And they were saying to one another, "Who will roll away the stone for us from the door of the tomb?" And looking up, they saw that the stone was rolled back; for it was very large.


A. The resurrection (verses 5-6) 

And entering the tomb, they saw a young man [= an angel] sitting on the right side, dressed in a white robe; and they were amazed. And he said to them: 

    "Do not be amazed. 
    You seek Jesus of Nazareth, the crucified. 
    He has been raised. 
    He is not here. See the place where they laid him."
B. A future appearance (verse 7)

"But go, tell his disciples and [especially] Peter that he goes before you to Galilee; there you will see him, as he told you."


And they went out and fled from the tomb; for trembling and astonishment had come upon them. And they said nothing to anyone. For they were afraid.

There is no more to the earliest recorded account of Easter Sunday morning, and no more to the written Gospel. Mark's narrative ends there, abruptly. The events at the tomb provoke confusion and fear rather than joy and proclamation, and the women retreat into a hermetic silence. With no report of the birth of Easter faith, Mark's account seems to leave Christianity stillborn at Jesus' grave.

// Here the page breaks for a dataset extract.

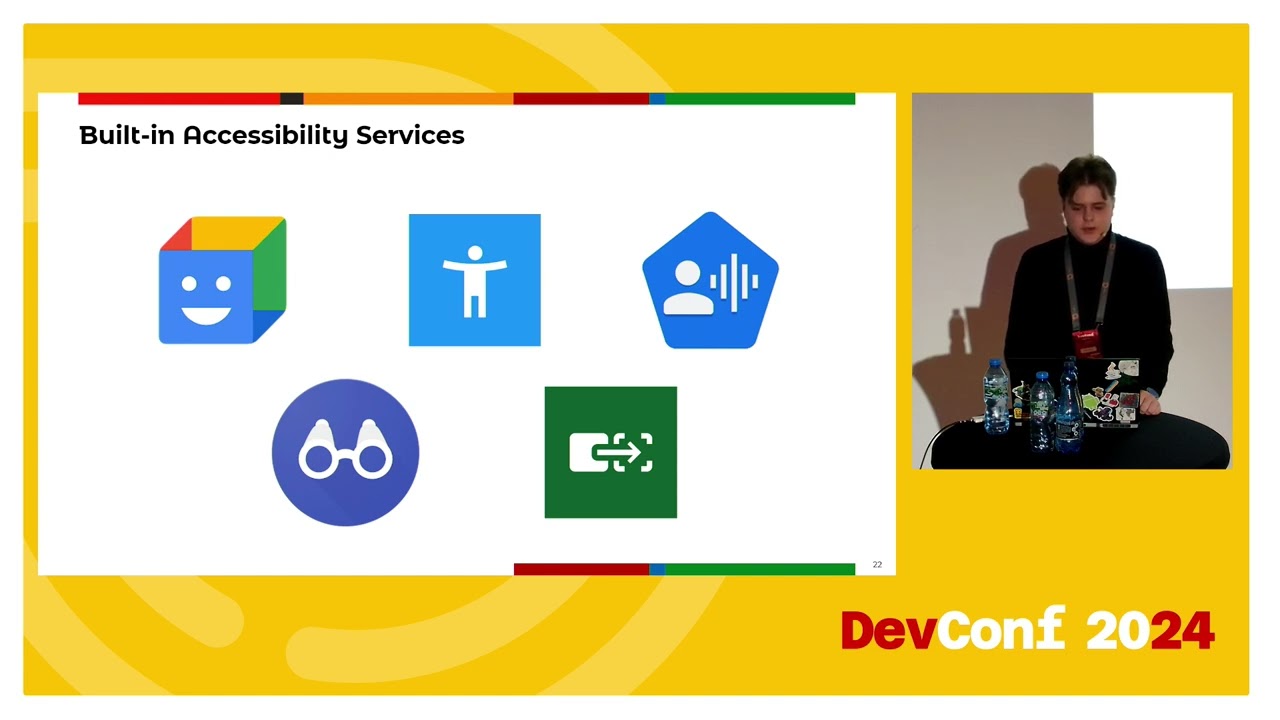 Pavlo Dzhus - Inclusive by Design: Unlocking Accessibility Superpowers in Mobile Apps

Moreover, when we compare Mark's final chapter with the Easter accounts of the later Gospels and above all with the popular legends about Easter that have grown up over the centuries, the account strikes


us as stark and minimalistic. There are no guards at the tomb, no emergence of Jesus from the grave, no burial shroud left behind to prove that the prophet had risen from the dead. Notice what Mark's Gospel fails to say:

First, Mark's final chapter does not describe Jesus' resurrection. As we have already seen, it was well over a century after Jesus' death before the apocryphal Gospel of Peter (which the Church does not, in fact, accept as authentic Scripture) attempted to describe Jesus' emergence from the tomb. There is no text in the New Testament that describes the resurrection of Jesus or that claims there were any witnesses to it. For if it indeed was an eschatological event, there would have been quite literally nothing to see. Mark stays within that tradition when he has the angel say simply, "He has been raised."[44]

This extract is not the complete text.